▶ **Work to be completed**:
Print the listing below again, exactly. Skip the pictures.

▶ **Exercise data**:
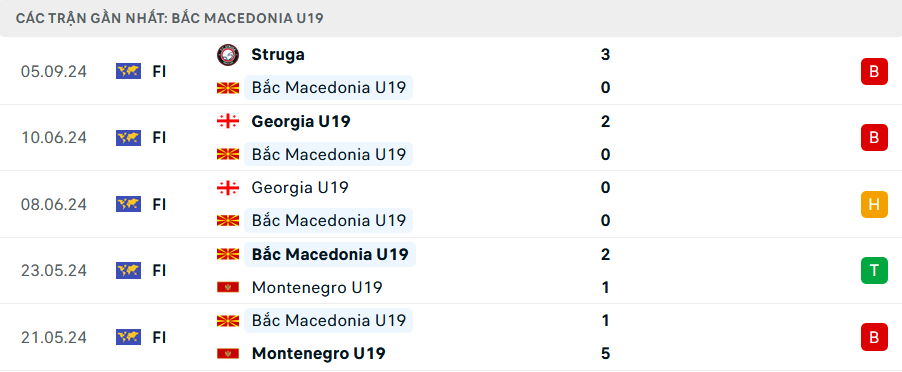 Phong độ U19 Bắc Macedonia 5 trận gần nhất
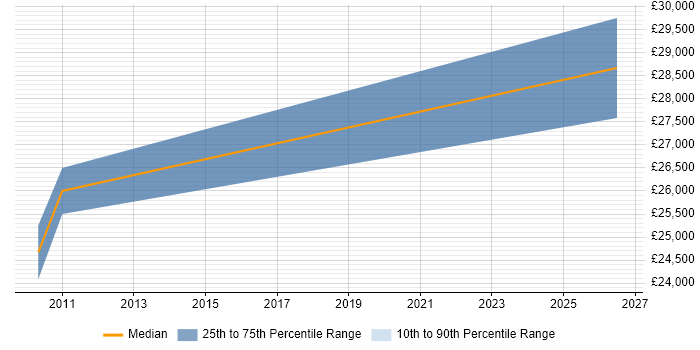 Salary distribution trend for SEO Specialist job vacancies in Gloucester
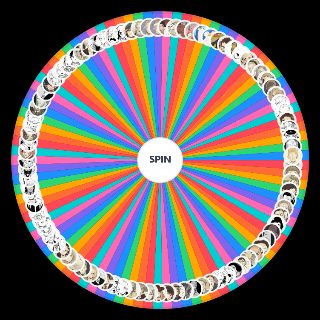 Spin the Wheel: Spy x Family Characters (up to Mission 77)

▶ **Exercise output**:
 Phong độ U19 Bắc Macedonia 5 trận gần nhất
 Salary distribution trend for SEO Specialist job vacancies in Gloucester
 Spin the Wheel: Spy x Family Characters (up to Mission 77)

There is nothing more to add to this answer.